With no revenue from taxation, and with the disastrous effects of the wholesale issue of paper money before it, the Confederate government made every effort to borrow money by the issue of bonds. The initial 15-million loan was soon followed by an issue of one hundred millions in bonds, which it was, however, difficult to place. This was followed by even larger loans. The bonds rapidly fell in value, and were quoted during the war at approximately the value of the paper money, in which medium they were paid for by subscribers. To avoid this circumstance a system of produce loans was devised by which the bonds were subscribed for in cotton, tobacco and food products.
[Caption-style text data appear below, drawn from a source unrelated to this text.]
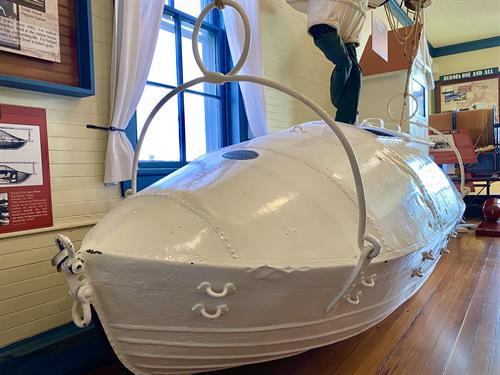 Life Saving Service Life Car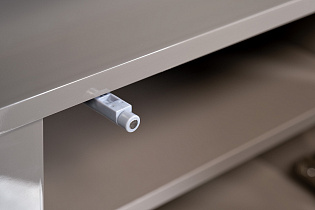 Тумба под телевизор с дверцами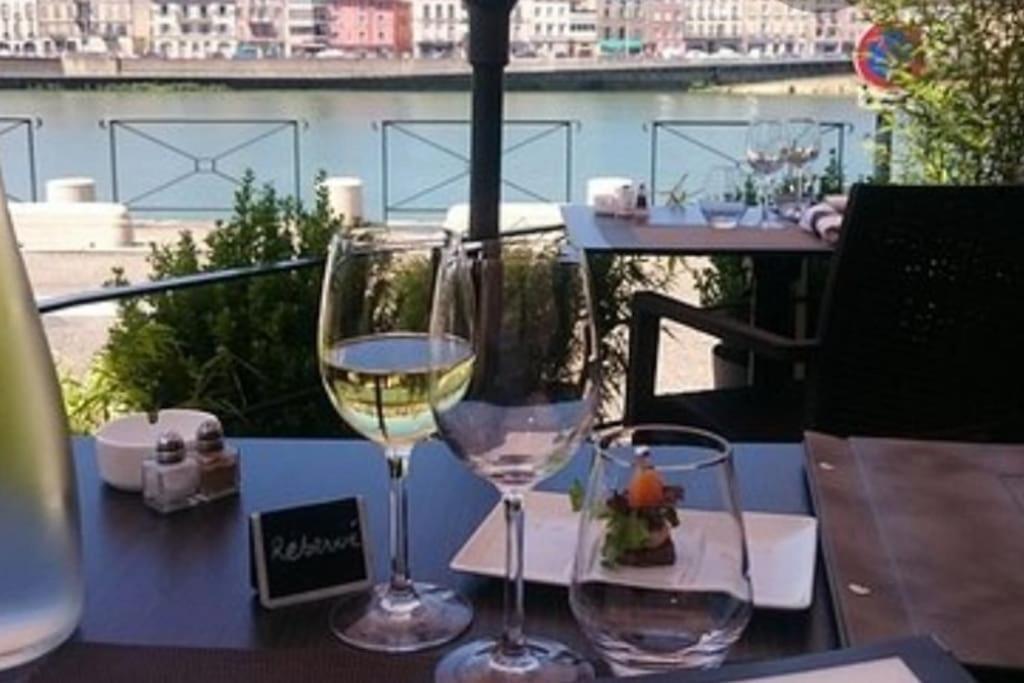 Sejour Detente Au Coeur De Macon Spa,Cine,Bouteille Offerte Exteriér fotografie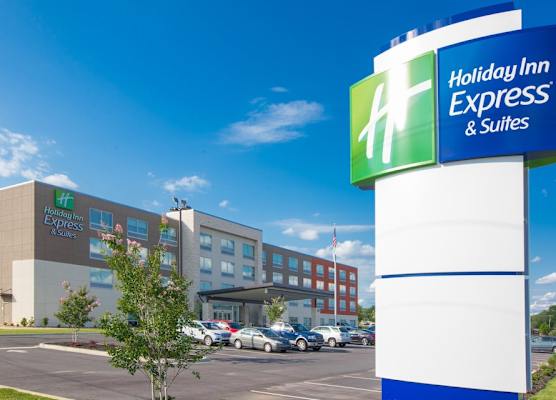Holiday Inn Express & Suites GREENWOOD MALL by IHG 1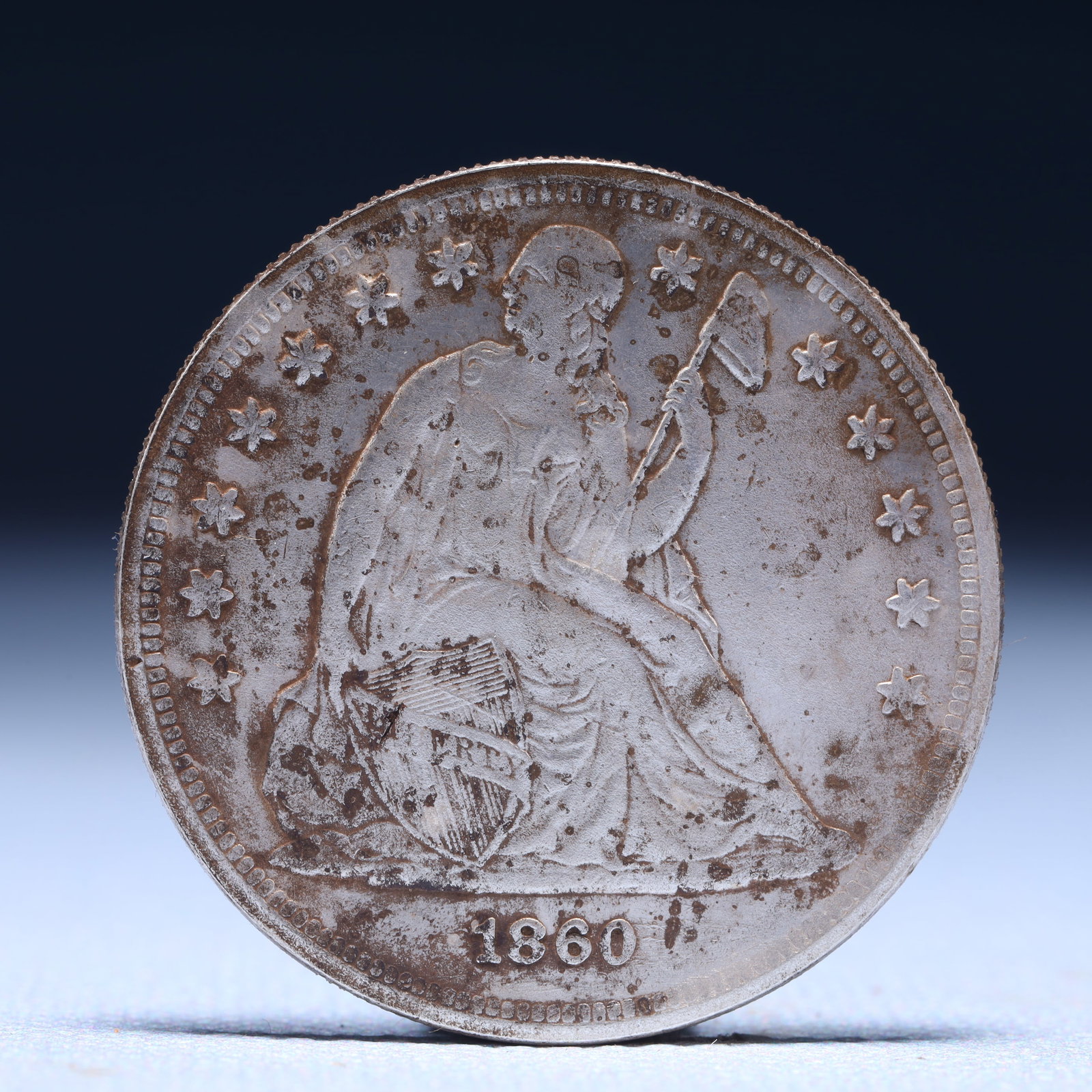 USA One Dollar 1860 Coin: American coin. IN GOD WE TRUST / LIBERTY / 1860 / UNITED STATES OF AMERICA / ONE DOL. Weight:26.9g.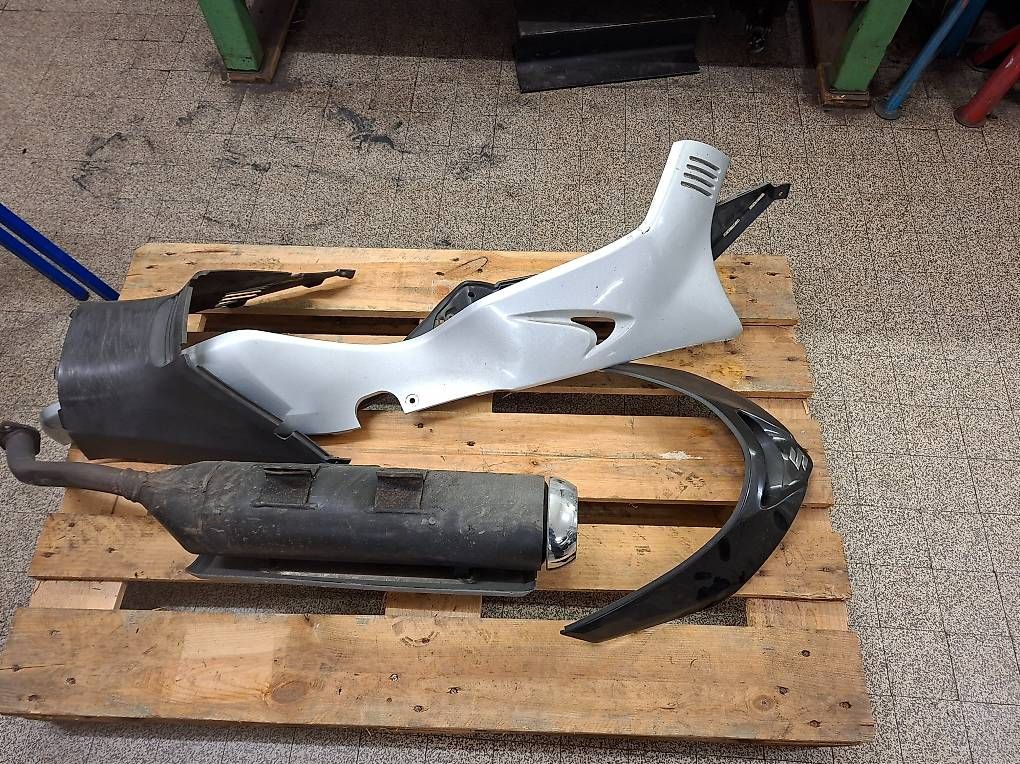 Scooters: Scooter SUZUKI 400 – D'occasion à Lavey-Village par nasticri 1
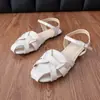 Sandálias tecidas estilo retrô francês em couro macio para mulheres, novo estilo primavera 2026, design nicho vazado, bico fechado, sapatos romanos com salto grosso confortáveis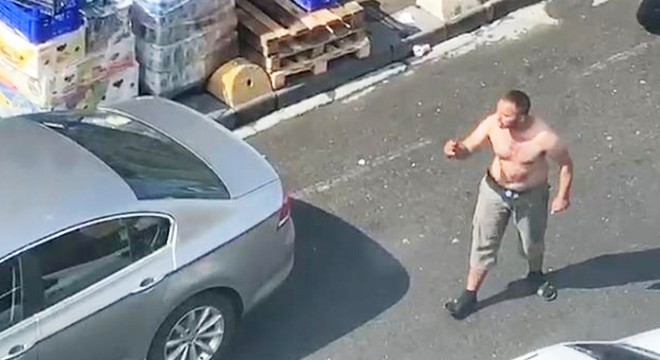 Korku dolu anlar; satırla kendine zarar verdi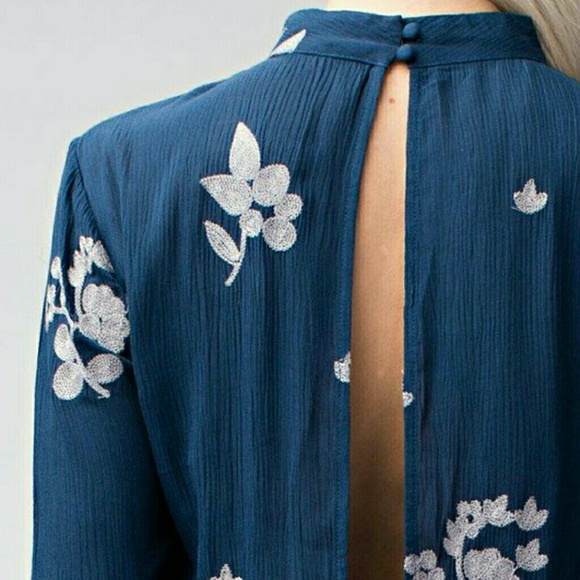 SUNDAY SALE Long Sleeve Floral Romper - Picture 3 of 4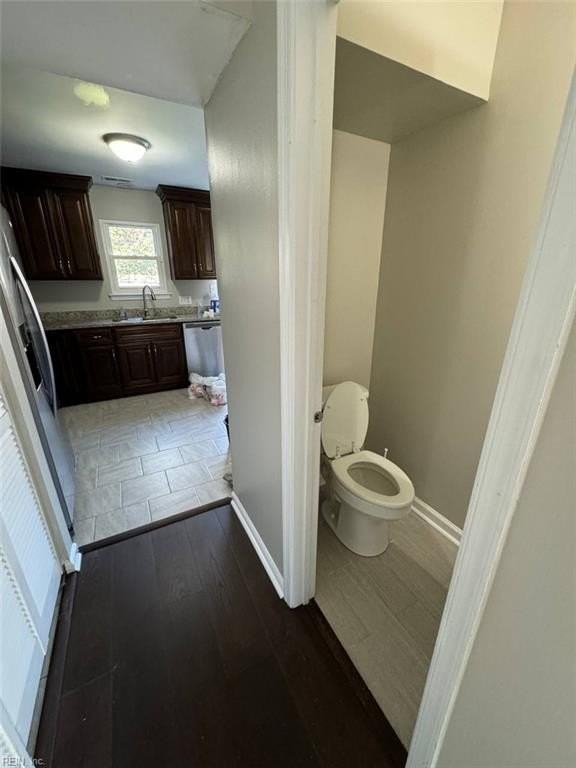 617 Fox Creek Ct - Photo 5 of 20
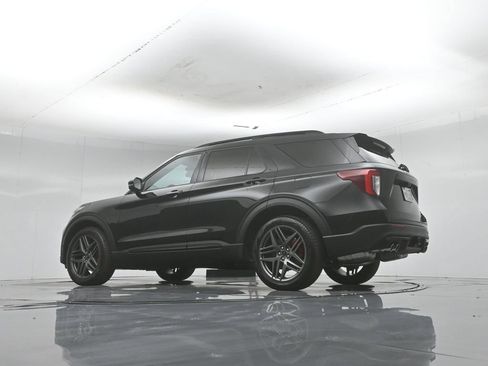 Certified 2023 Ford Explorer ST w/ Equipment Group 401A AWD/4WD image 3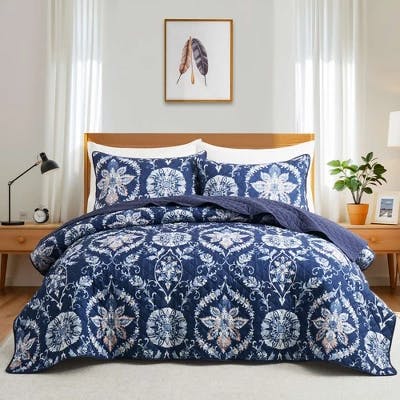 Printed Coverlet Set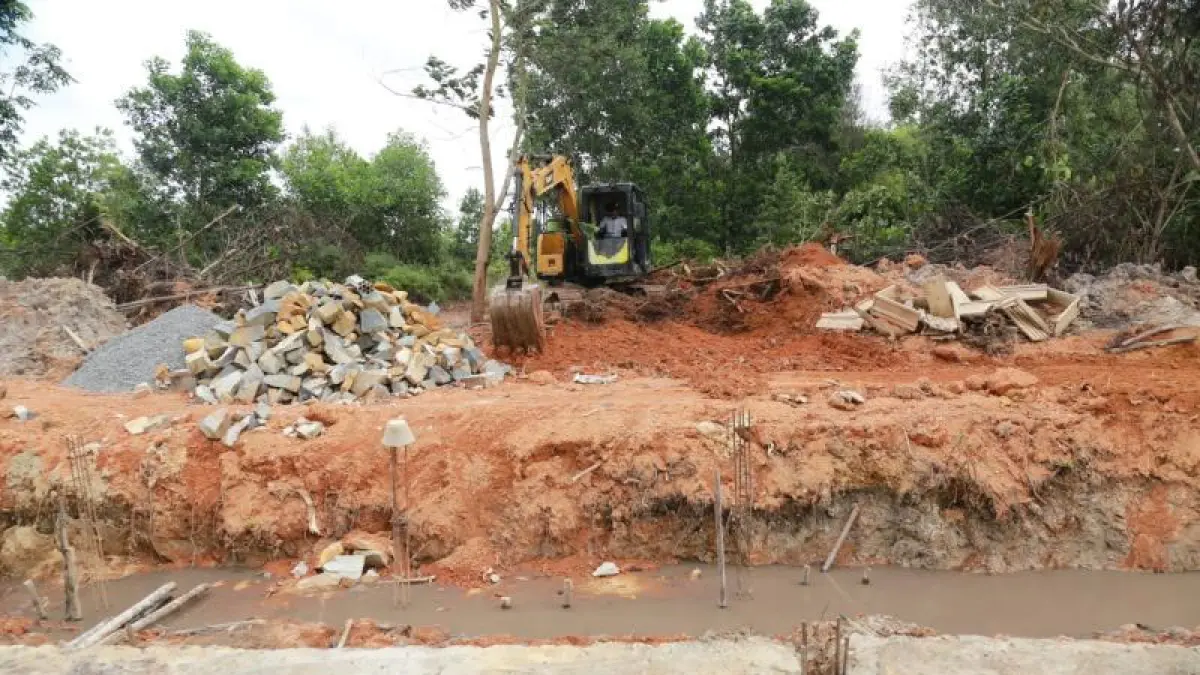 Pemerintah Provinsi Kepri melanjutkan pembangunan pengendalian banjir di Kampung Purwodadi Sungai Lekop, Kecamatan Bintan Timur, Kabupaten Bintan, Kamis (30/7/2026). ANTARA/HO-Dinas PUPP Kepri 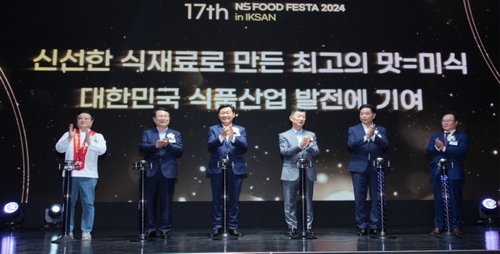 NS푸드페스타 2024 in 익산 개막식에서 남대현 명장(왼쪽부터), 정헌율 익산시장, 김관영 전북특별자치도지사, 김홍국 하림그룹 회장, 김경진 익산시의회의장, 조항목 NS홈쇼핑 대표이사 등이 개막 세러머니를 하고 있다. [자료:NS홈쇼핑]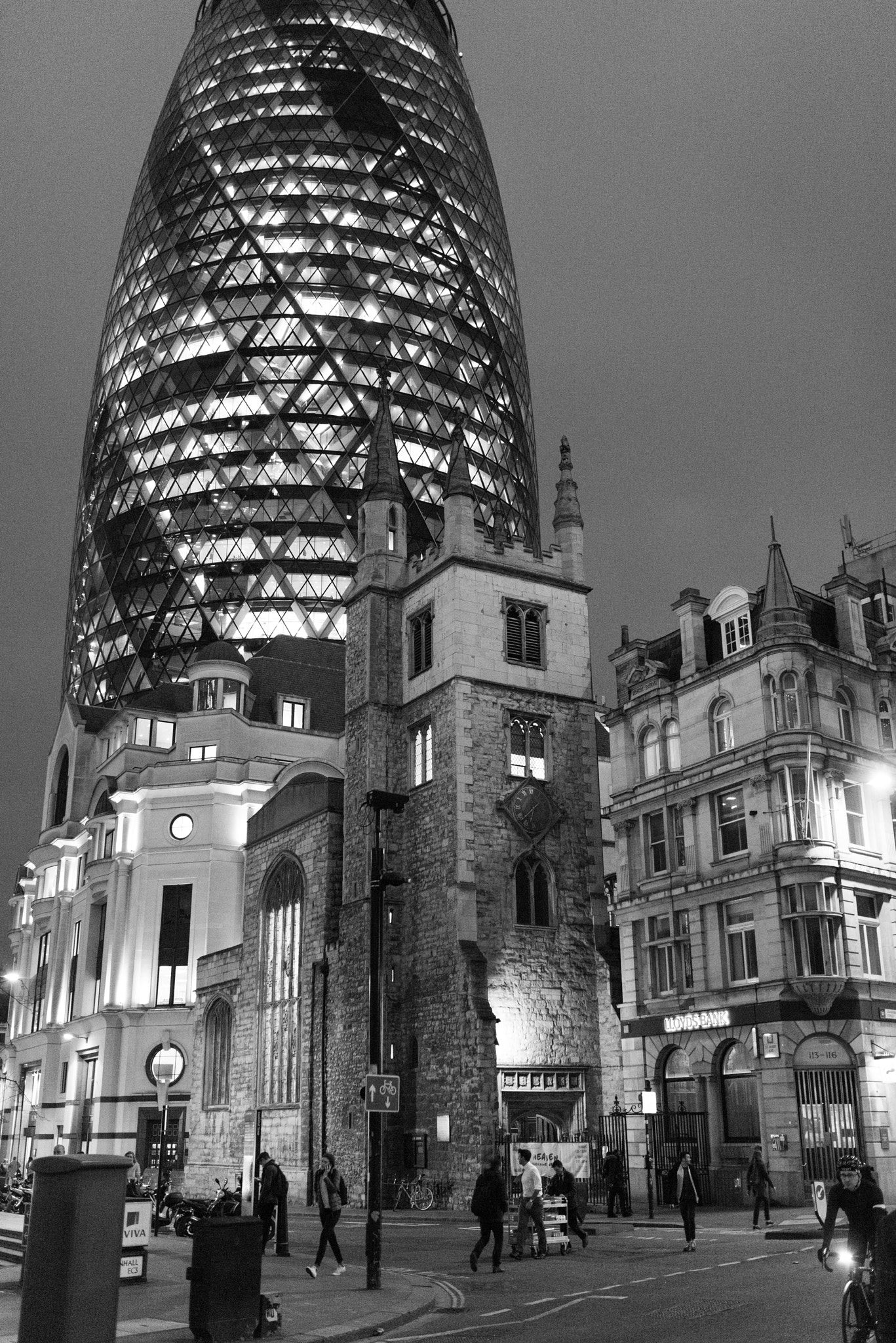 Nikon D800 + Sigma 35mm F1.4 DG HSM Art sample photo. St andrew undershaft photography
This policy was subsequently enlarged, and enabled the government to secure at least a part of the armies’ food supplies. But the bulk of the subscriptions for these bonds was made in cotton, for which the planters were thus enabled to find a market.

It was hoped to keep the currency within bounds by holders of paper money exchanging it for bonds, which the law allowed and encouraged, but as notes and bonds fell in value simultaneously, there was no inducement for holders to make that exchange. On the contrary, a note-holder had an advantage over a bond-holder, in that he could use his currency for speculation or for purchases in general. In the autumn of 1862 the Confederate law attempted to compel note-holders to fund their notes in bonds, in order thereby to reduce the redundancy of the currency and lower prices. Disappointed in the result of this legislation, the Congress, in February 1864, went much farther in the same direction by passing a law requiring note-holders to fund their notes before a certain date, after which notes would be taxed a third or more of their face value. This drastic measure was accepted as meaning a partial repudiation of the Confederate debt, and though it for the time reduced the currency outstanding and lowered prices, it wrecked the government’s credit, and made it impossible for the Treasury to float any more loans. During the last months of the war the Treasury led a most precarious existence, and its actual operations can only be surmised.

During the entire war the notion that the South possessed a most efficient engine of war in its monopoly of cotton buoyed up the hopes of the Southerners. The government strained every effort to secure recognition of the Confederacy as a nation by the great powers of Europe. It also more successfully secured foreigners’ financial recognition of the South by effecting a foreign loan based on cotton. This favourite notion was put into practice in the spring of 1863. The French banking house of Erlanger & Company undertook to float a loan of £3,000,000, redeemable after the war in cotton at the rate of sixpence a pound. As cotton at the time was selling at nearly four times that figure and would presumably be quoted far above sixpence long after the establishment of peace, the bonds offered strong attractions to those speculatively inclined and in sympathy with the Southern cause. The placing of the bonds in Europe was mismanaged by the Confederate agents, but notwithstanding a considerable sum was secured from the public and used for the purchase of naval and military stores. At the close of the war these foreign bonds were ignored by the re-established Federal authorities like all the other bonds of the Confederate government. Compared with the partial success of this financial recognition by Europe, the South conspicuously failed in securing the political recognition of the Confederate government. Early in 1861 W. L. Yancey and others went to Europe to enlist the sympathy of foreign governments in the Southern cause. J. M. Mason and John Slidell followed early in 1862, after a short detention by the Federal government, which had removed them from a British vessel en route to Europe. Though these Confederate commissioners made every effort to induce foreign governments, especially those of Great Britain and France, to recognize the Confederacy, they were foiled in their efforts, largely by the skill and persistence of the Federal minister in London, Charles Francis Adams.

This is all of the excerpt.